This project is an end-to-end data engineering pipeline that extracts weather forecast data from BMKG (Indonesian non-departmental government agency for meteorology, climatology, and geophysics), stores it in a local database, and feeds the data into a dashboard. The project is built entirely in Python.
To extract the data, the project uses BMKG's API, but it faces some challenges as the API is blocked and the website prevents scraping. The project solves this problem by using "IMPORTHTML" and "IMPORTXML" formulas from Google Sheets, which can bypass the website's restrictions. This is the link to copy the Google Sheets file that was used to extract the data.
After extracting the data, the project stores the raw data in a data warehouse that runs locally. The project does not use S3 storage, instead using local storage as a data warehouse. Then, the project processes the raw data into clean data, using pandas module extensively, and stores it in a database that runs on a local PostgreSQL server. The project uses psycopg2 module to connect PostgreSQL and Python.
The project also creates a scheduled workflow of extract-load-transform data daily using Apache Airflow, which runs inside a Docker container. Finally, the project uses Streamlit, an app framework in Python, to display a dashboard that shows the weather forecast and the temperature of Kab.

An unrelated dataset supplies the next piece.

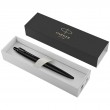Parker 2122753 ballpoint pen Blue Clip-on retractable ballpoint pen 1 pc(s)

Kupang, NTT. For display purposes, the data source comes from this project directory.
Trivia:
- This is just a sample project, so the dataset is small. The project deliberately chooses a location and omits other metrics, such as humidity, wind direction, etc.
- The project chooses Kab. Kupang, NTT because that is a city where Indonesian National Observatory (at Mount Timau) is located, so this dashboard could be used to track the weather for astronomy observation purpose.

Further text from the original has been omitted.